Return, with both end lines included, exactly what the data below holds from the line with "Produktbild Wozinsky Powerbank" through the line with "Missvikki High Quality", though not the pictures.

**PROVIDED RECORDS**
- Opening Delimiter -

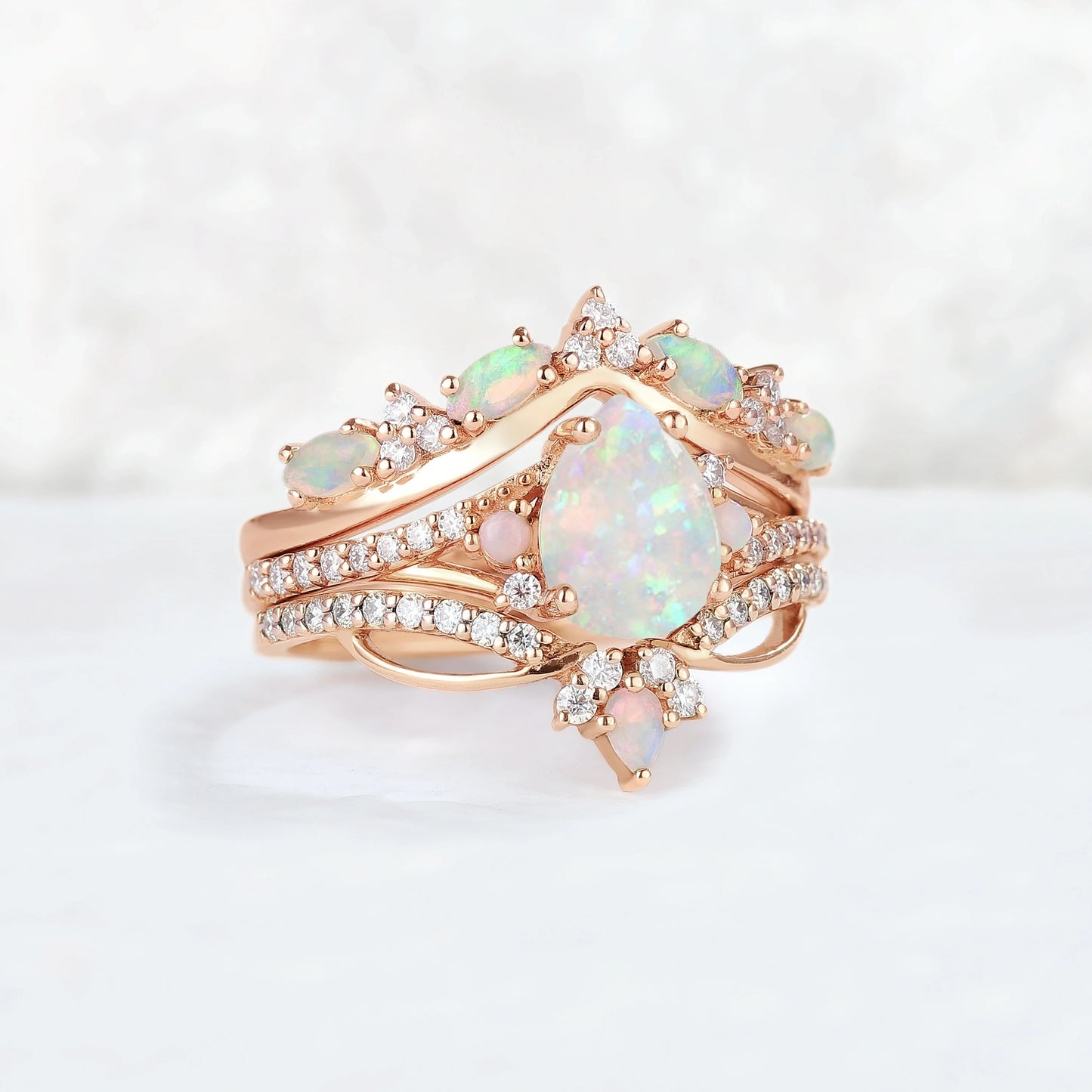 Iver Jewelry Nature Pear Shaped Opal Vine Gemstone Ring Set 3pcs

- Closing Delimiter -
- Opening Delimiter -

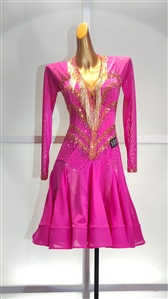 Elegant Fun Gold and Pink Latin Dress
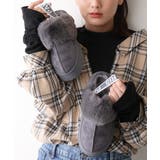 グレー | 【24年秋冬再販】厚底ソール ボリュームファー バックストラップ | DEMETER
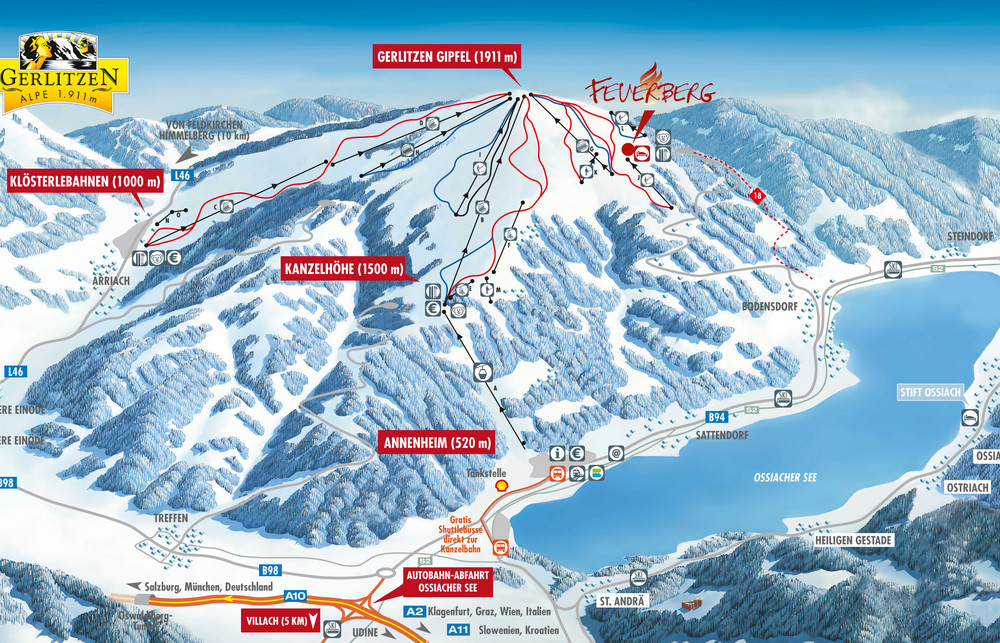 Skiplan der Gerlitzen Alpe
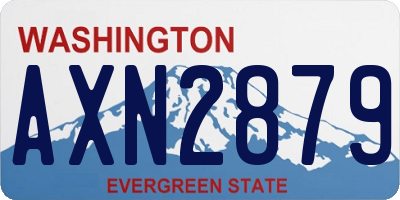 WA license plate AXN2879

- Closing Delimiter -
- Opening Delimiter -

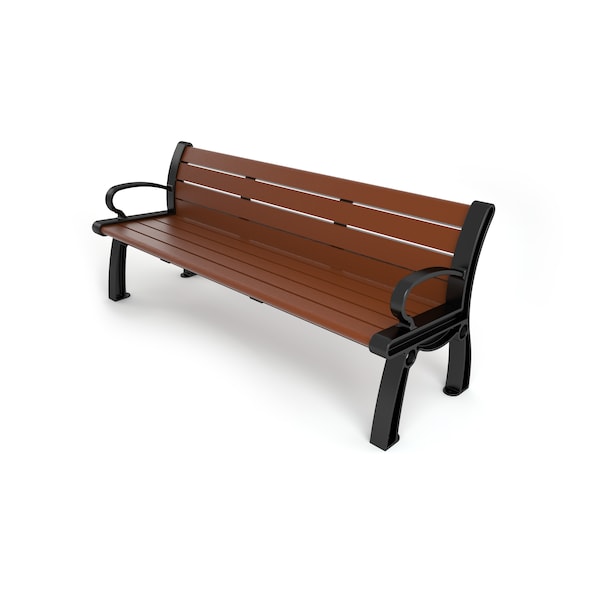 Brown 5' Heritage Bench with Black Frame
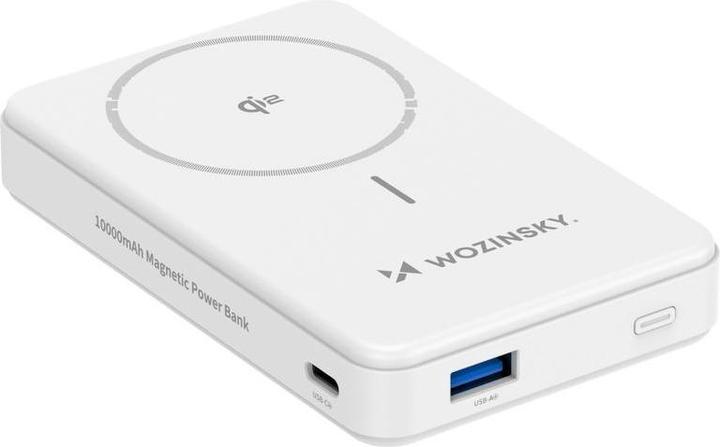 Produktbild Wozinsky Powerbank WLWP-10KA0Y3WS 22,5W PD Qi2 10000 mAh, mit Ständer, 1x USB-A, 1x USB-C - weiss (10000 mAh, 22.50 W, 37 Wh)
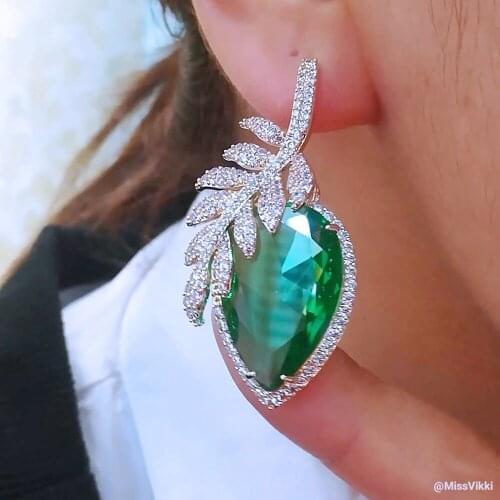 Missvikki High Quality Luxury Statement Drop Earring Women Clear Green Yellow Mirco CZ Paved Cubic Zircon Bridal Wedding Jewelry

- Closing Delimiter -

**ANSWER TO THIS EXERCISE**
 Produktbild Wozinsky Powerbank WLWP-10KA0Y3WS 22,5W PD Qi2 10000 mAh, mit Ständer, 1x USB-A, 1x USB-C - weiss (10000 mAh, 22.50 W, 37 Wh)
 Missvikki High Quality Luxury Statement Drop Earring Women Clear Green Yellow Mirco CZ Paved Cubic Zircon Bridal Wedding Jewelry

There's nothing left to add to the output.